L’estate del 2018 nel Mediterraneo è stata caratterizzata da un sempre più marcato svuotamento, ancora più radicale rispetto a quello della seconda parte del 2017. A causa del disimpegno del governo maltese, della politica di chiusura portata avanti dall’Italia e da un clima generale di ostilità nei confronti dei salvataggi in mare, una dopo l’altra le organizzazioni non governative impegnate nel soccorso ai migranti nel Mediterraneo centrale hanno lasciato la zona di ricerca e soccorso. Con la nave Aquarius di Sos Mediterranée bloccata nel porto di Marsiglia, rimaneva soltanto Open Arms, ferma però nel porto di Barcellona. Ora, invece, l’ong spagnola entrerà a far parte dei mezzi di ricerca e soccorso nell’area tra lo Stretto di Gibilterra e il Mare di Alboràn, sotto il coordinamento del Salvamento Marìtimo, l’equivalente spagnolo della Guardia costiera italiana.

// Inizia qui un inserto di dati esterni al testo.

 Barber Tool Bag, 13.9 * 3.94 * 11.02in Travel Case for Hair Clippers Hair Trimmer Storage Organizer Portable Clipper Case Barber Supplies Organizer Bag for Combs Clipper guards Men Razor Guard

Un passo indietro, dunque? In realtà, secondo Riccardo Gatti, capomissione di Proactiva Open Arms, «non ci fermiamo. Continuiamo le nostre operazioni e a livello temporaneo e momentaneo ci spostiamo nel Mediterraneo occidentale con l’intenzione di tornare il prima possibile nel Mediterraneo centrale. Tra l’altro abbiamo anche il veliero Astral, che ha sempre operato in operazioni di osservazione e denuncia di ciò che succede nel Mediterraneo Centrale e la nostra intenzione è continuare a utilizzarlo».

Come si è arrivati a questa decisione? Quali difficoltà l’hanno dettata?

«Le difficoltà sono state molteplici, l’abbiamo sempre denunciato. Ci hanno sparato, hanno inventato falsità sia sui media sia anche a livello della magistratura, ci hanno bloccato nei porti, ci hanno chiusi fuori dai porti. A noi e a tutte le altre Ong. Tutto ciò ha delle conseguenze a livello logistico ed economico, soprattutto per organizzazioni piccole come la nostra, che funzionano per il 90% con donazioni private. Mentre siamo fermi qui in Spagna abbiamo visto che la chiusura e le difficoltà per la partenza dalla Libia hanno fatto sì che aumentassero gli arrivi nella frontiera sud spagnola. Allora ci siamo diretti lì».